■ PROBLEM ■
From the line containing "GROW by OBI" to the line containing "Maryland Street, Paisley, FL 32767 - #2" in the records below, set down every line exactly as it stands, both ends included, and skip the pictures.
[DATA EXTRACT]
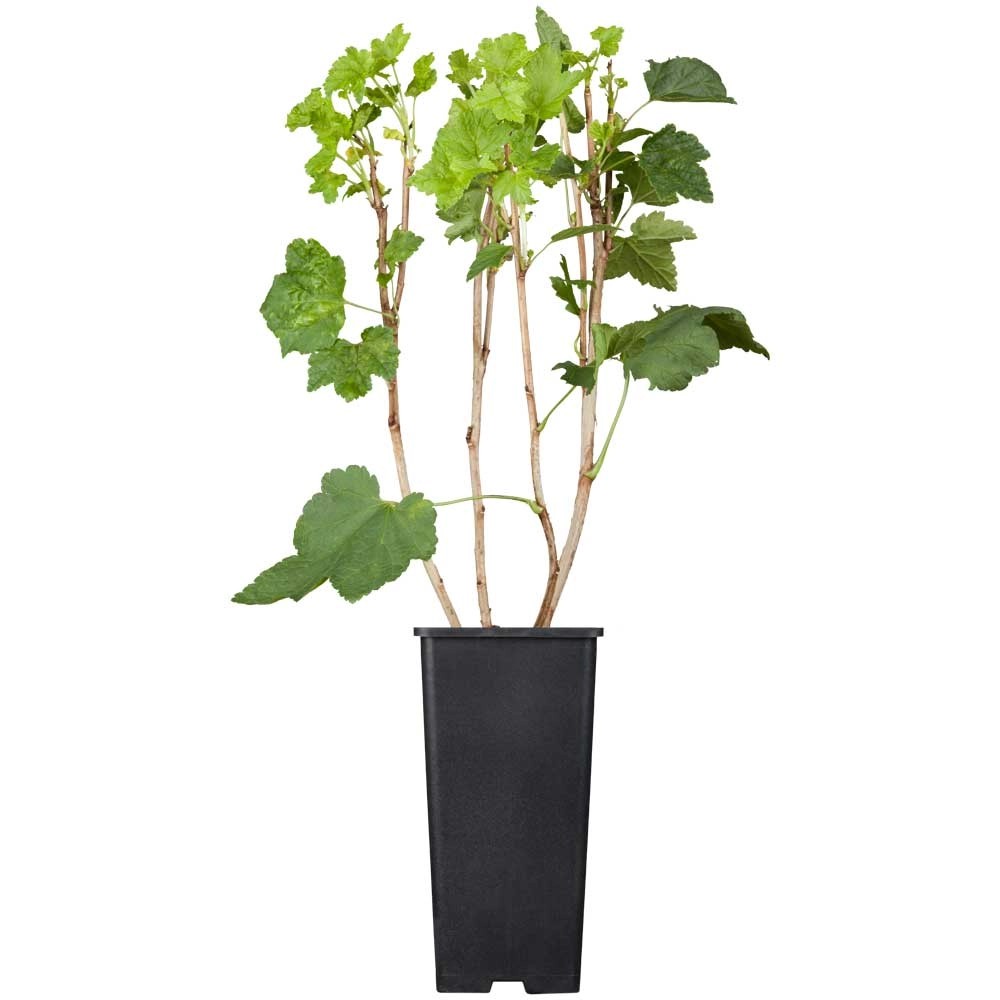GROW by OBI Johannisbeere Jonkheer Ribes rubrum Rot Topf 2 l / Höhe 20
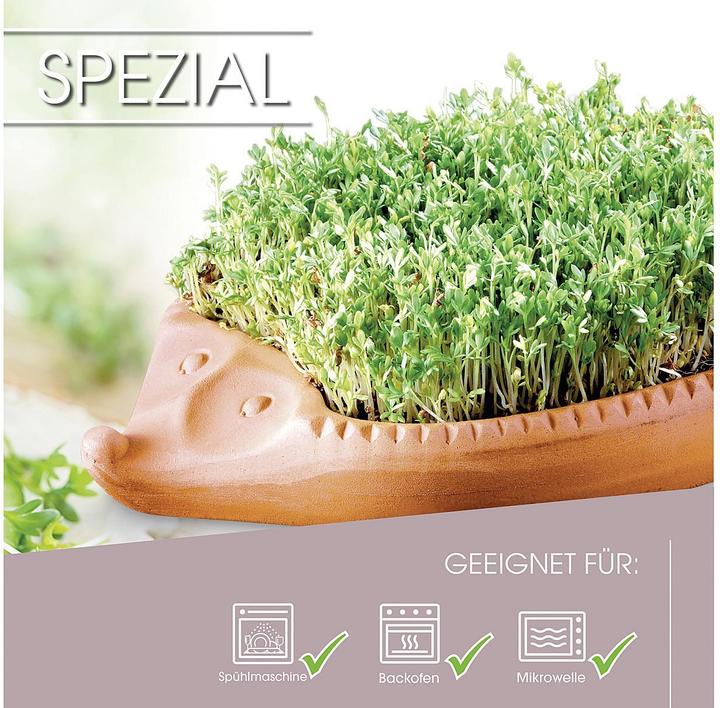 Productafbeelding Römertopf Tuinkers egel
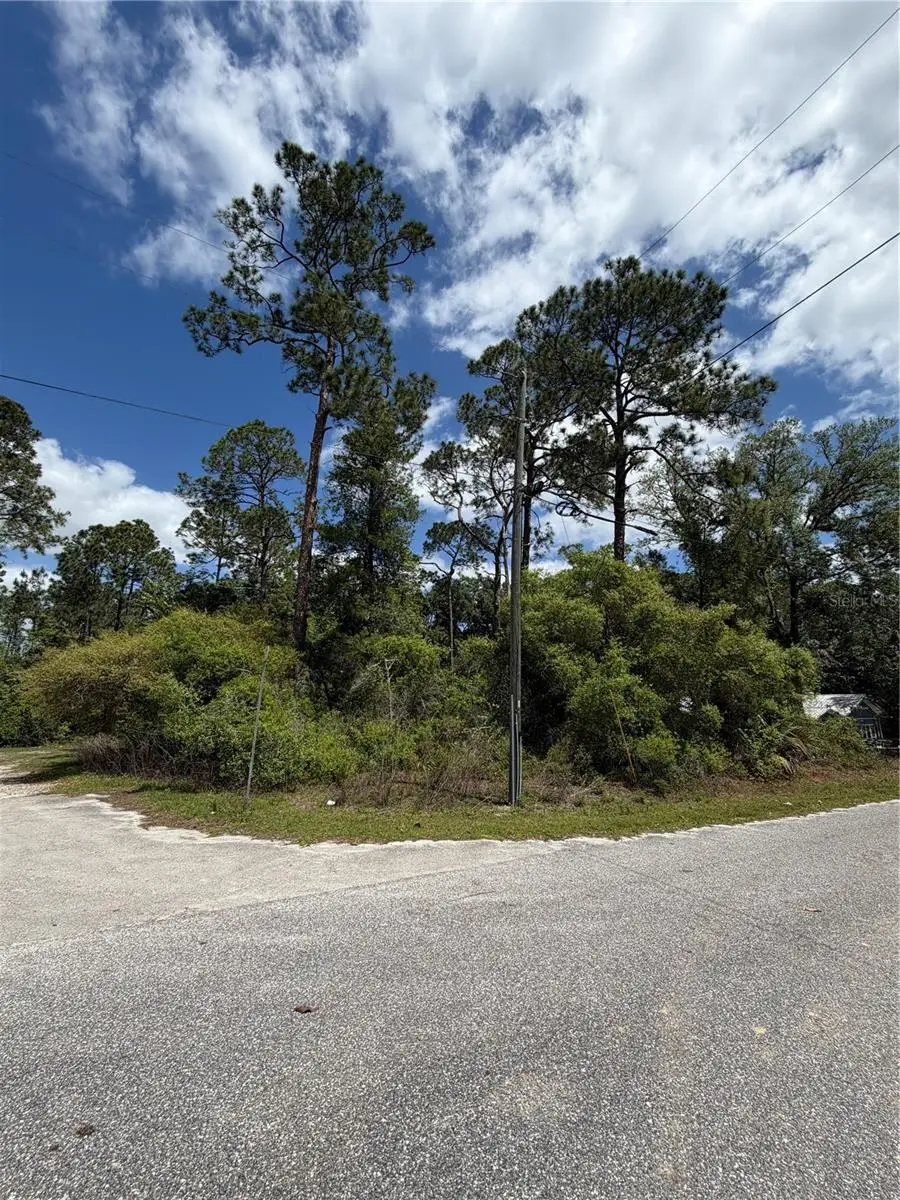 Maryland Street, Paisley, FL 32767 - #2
[/DATA EXTRACT]
[DATA EXTRACT]
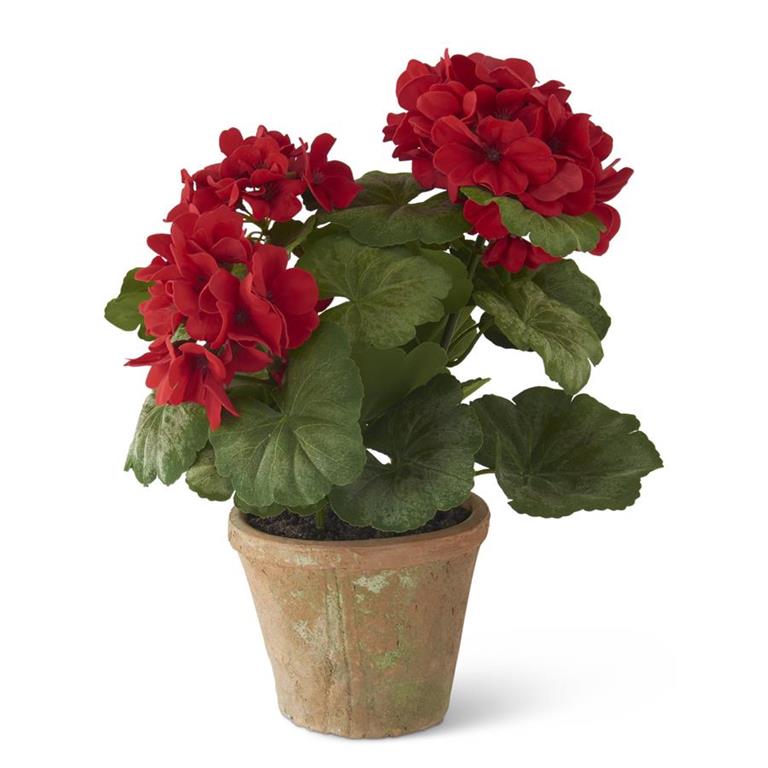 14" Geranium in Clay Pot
[/DATA EXTRACT]
■ SOLUTION TO THIS TASK ■
GROW by OBI Johannisbeere Jonkheer Ribes rubrum Rot Topf 2 l / Höhe 20
 Productafbeelding Römertopf Tuinkers egel
 Maryland Street, Paisley, FL 32767 - #2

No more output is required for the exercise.